DATA BLOCK:
*** Begin section ***
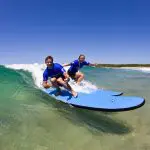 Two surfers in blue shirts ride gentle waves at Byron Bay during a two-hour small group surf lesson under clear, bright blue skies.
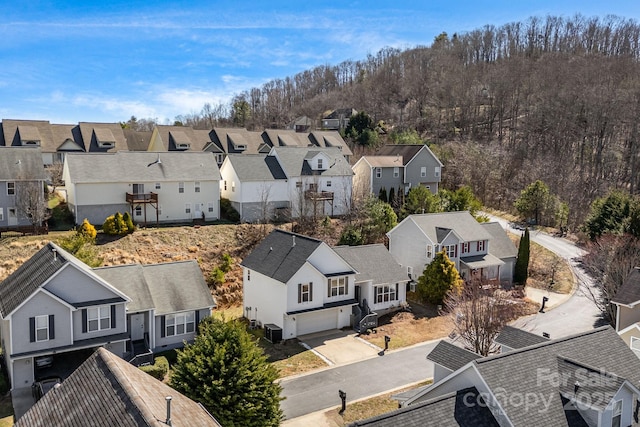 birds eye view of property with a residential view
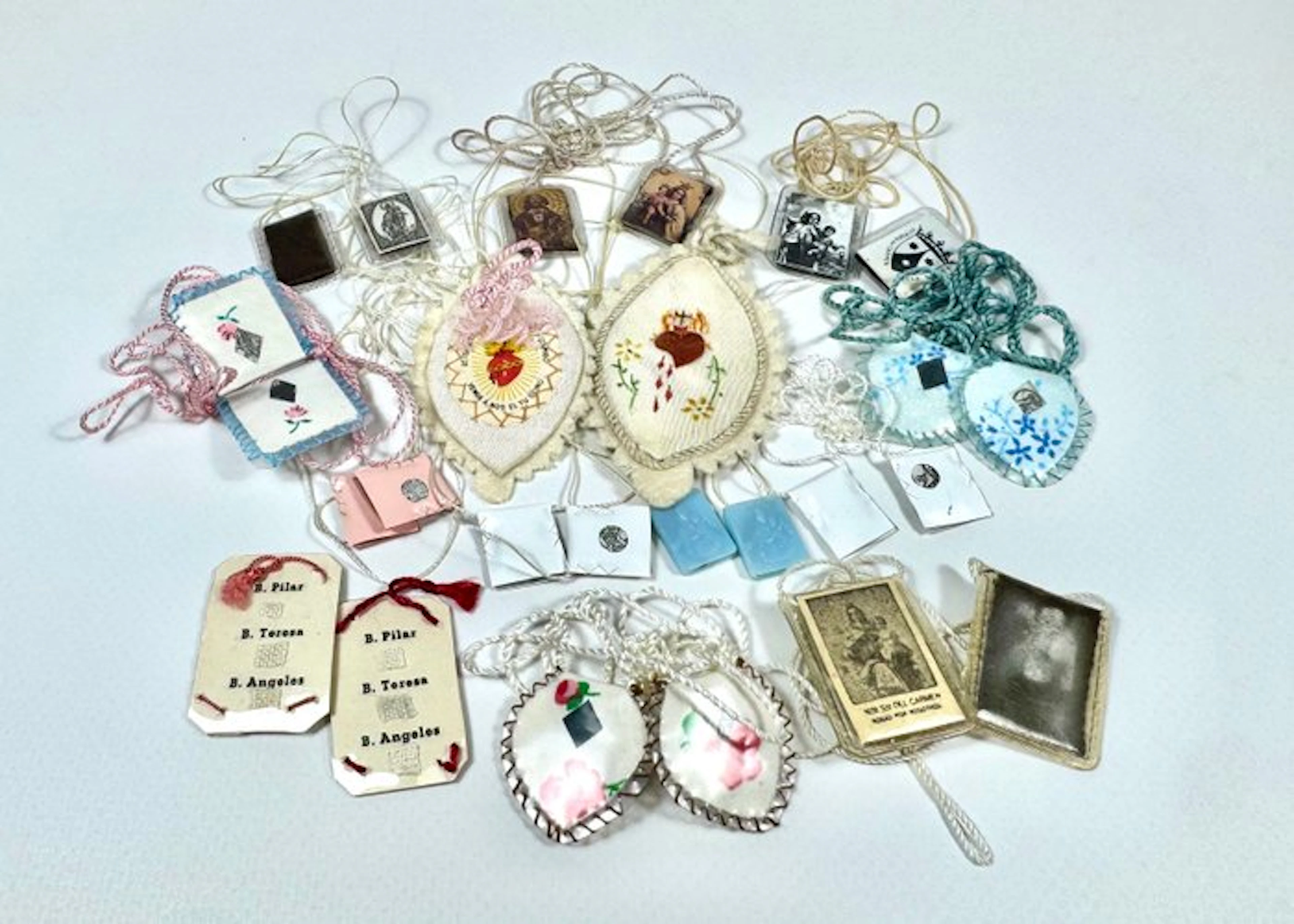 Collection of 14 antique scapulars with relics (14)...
*** End section ***
GOAL OF THE EXERCISE:
Copy each line above exactly. Images do not belong in the copy.

EXERCISE SOLUTION:
 Two surfers in blue shirts ride gentle waves at Byron Bay during a two-hour small group surf lesson under clear, bright blue skies.
 birds eye view of property with a residential view
 Collection of 14 antique scapulars with relics (14)...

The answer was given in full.